Antes de mais, descansem que estamos bem!
Aproveitámos este fim-de-semana alargado (não pelo Carnaval, mas pelo Dia do Herói Moçambicano) para dar um salto à África do Sul, em cumprimento das exigências do peculiar Visto que nos obriga a sair do país de tanto em tanto tempo.
Terça-feira, lá regressou a minha família num transfer do Kruger Park, junto com o respectivo condutor e 4 simpáticos turistas portugueses. Atravessámos a fronteira pelas 10h30m, mas nenhuma autoridade nos avisou de qualquer acontecimento anormal - como, por exemplo, os tumultos que desde as 7 da manhã estavam a virar Maputo do avesso.
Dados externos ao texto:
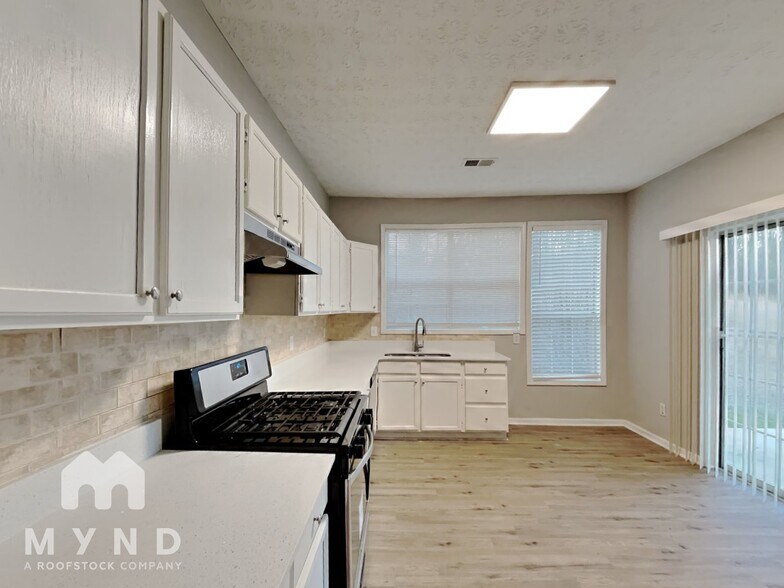 Building Photo - 2587 Riverwood Spring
E a verdade é que chegámos à portagem da Matola sem nada vermos de estranho senão uns polícias que, para os lados da Casa Branca, pareciam estar a chatear algum vendedor de pneus que não pagara "refresco".
Mas a portagem estava fechada. Sobre a cidade, viam-se várias colunas de fumo. Pensámos primeiro num incêndio, embora fosse estranho que estivesse a ocorrer ao mesmo tempo em zonas tão afastadas. Ficámos a saber o que se passava quando telefonei para a senhora que nos ficara com a cadela, a avisar que a iríamos buscar mais tarde do que o previsto.
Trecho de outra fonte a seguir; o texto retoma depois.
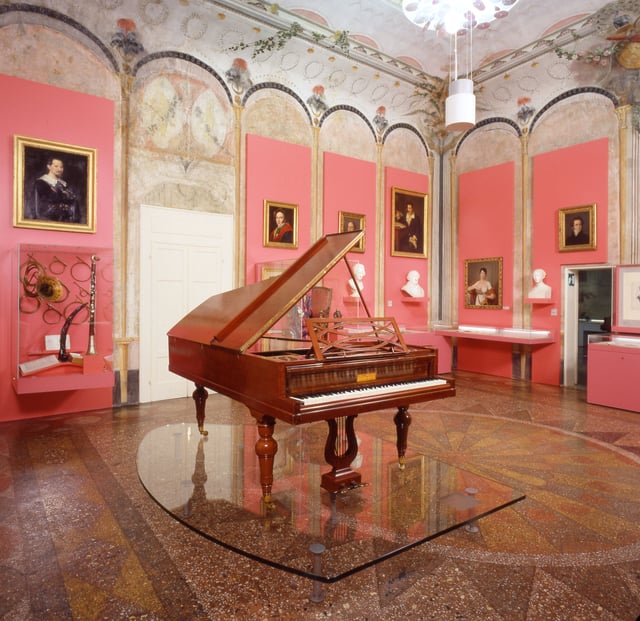 The International museum and library of music displays ancient musical instruments and unique musical scores from the 16th to the 20th centuries.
- Ai, doutor! Nem pense em vir! Estão a fazer greve por causa do aumento dos "chapas" e não deixam os carros passar, na cidade toda. Aqui, já queimaram carros e no Alto Maé um rapaz levou um tiro e não se sabe se vai conseguir viver.
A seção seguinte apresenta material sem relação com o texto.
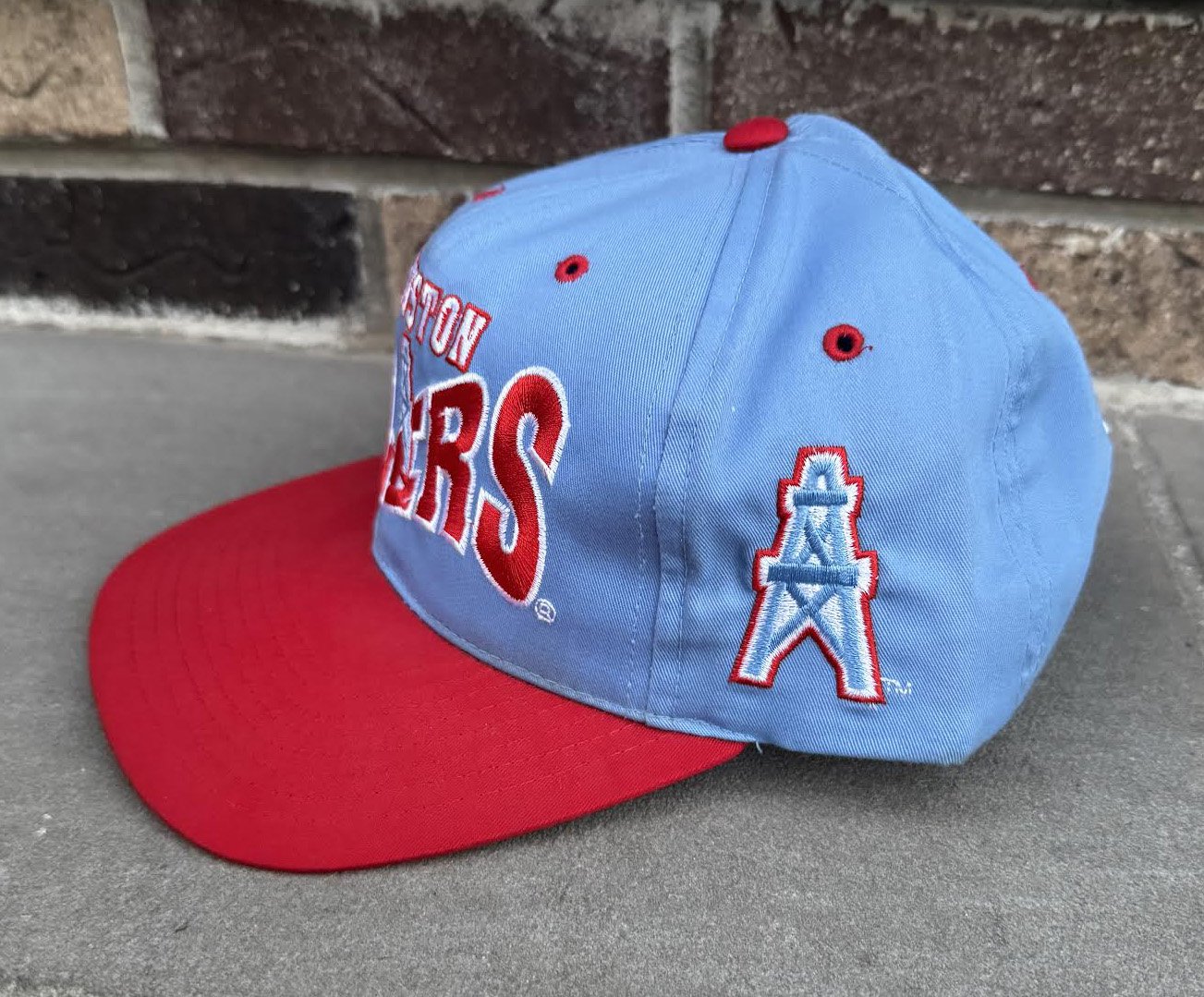 side of Oilers Cap .jpg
Com o "garrafão" da portagem cada vez mais cheio, lá convencemos o condutor a recuar para a estação de serviço mais próxima. Volta para trás, regressa para a frente, e a zona continuava a parecer calma. Também o posto de gasolina parecia calmo, pelo menos até os 3 seguranças privados que lá estavam evacuarem precipitadamente o dinheiro da caixa...
Por sugestão da Marta, tinha entretanto tentado telefonar, sem sucesso, para uns amigos que moram ali perto, num condomínio mais ou menos seguro. Quando finalmente consegui resposta e declaração de boas vindas, o pessoal concordou em procurar lá abrigo.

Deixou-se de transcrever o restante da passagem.